G_δ space

In mathematics, particularly topology, a G_δ space is a topological space in which closed sets are in a way ‘separated’ from their complements using only countably many open sets. A G_δ space may thus be regarded as a space satisfying a different kind of separation axiom. In fact normal G_δ spaces are referred to as perfectly normal spaces, and satisfy the strongest of separation axioms.

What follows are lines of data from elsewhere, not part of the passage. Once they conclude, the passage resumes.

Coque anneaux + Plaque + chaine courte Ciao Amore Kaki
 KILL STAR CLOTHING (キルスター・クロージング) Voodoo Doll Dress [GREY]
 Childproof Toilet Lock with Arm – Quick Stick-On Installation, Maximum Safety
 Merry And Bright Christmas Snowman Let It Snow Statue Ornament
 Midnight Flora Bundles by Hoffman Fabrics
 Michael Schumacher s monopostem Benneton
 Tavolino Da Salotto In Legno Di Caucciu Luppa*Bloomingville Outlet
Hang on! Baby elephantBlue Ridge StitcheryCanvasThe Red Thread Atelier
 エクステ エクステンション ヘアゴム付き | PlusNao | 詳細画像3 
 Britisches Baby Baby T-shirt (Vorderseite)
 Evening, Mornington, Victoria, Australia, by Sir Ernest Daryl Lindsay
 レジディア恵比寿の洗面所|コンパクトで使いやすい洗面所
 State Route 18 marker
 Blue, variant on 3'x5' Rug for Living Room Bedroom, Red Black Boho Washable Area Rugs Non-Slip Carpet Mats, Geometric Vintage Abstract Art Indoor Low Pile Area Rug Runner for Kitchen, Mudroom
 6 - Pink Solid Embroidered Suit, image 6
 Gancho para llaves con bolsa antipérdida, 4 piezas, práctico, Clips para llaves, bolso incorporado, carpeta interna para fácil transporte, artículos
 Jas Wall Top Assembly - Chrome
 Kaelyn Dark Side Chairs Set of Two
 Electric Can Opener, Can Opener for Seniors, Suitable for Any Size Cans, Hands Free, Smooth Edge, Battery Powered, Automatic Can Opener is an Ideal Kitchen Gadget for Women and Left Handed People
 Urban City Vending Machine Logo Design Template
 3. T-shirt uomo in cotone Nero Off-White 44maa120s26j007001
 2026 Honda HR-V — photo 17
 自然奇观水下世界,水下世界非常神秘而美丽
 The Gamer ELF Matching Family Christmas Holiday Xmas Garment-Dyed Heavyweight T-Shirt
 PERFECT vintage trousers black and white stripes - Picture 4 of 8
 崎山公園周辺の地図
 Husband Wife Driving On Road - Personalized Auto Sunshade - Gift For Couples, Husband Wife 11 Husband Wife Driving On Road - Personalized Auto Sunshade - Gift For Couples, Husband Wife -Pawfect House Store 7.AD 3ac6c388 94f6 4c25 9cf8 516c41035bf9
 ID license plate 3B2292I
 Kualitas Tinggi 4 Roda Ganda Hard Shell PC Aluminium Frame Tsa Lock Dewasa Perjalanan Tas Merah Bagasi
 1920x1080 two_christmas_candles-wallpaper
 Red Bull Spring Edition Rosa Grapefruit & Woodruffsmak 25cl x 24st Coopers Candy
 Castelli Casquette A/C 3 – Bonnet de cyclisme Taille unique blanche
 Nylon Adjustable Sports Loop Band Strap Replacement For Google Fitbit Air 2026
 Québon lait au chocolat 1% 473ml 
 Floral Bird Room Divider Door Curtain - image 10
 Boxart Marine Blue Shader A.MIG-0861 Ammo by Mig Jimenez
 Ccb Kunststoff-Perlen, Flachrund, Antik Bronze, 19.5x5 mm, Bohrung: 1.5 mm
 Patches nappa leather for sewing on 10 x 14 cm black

G_δ spaces are also called perfect spaces.^[1] The term perfect is also used, incompatibly, to refer to a space with no isolated points; see Perfect set.

Definition

A countable intersection of open sets in a topological space is called a G_δ set. Trivially, every open set is a G_δ set. Dually, a countable union of closed sets is called an F_σ set. Trivially, every closed set is an F_σ set.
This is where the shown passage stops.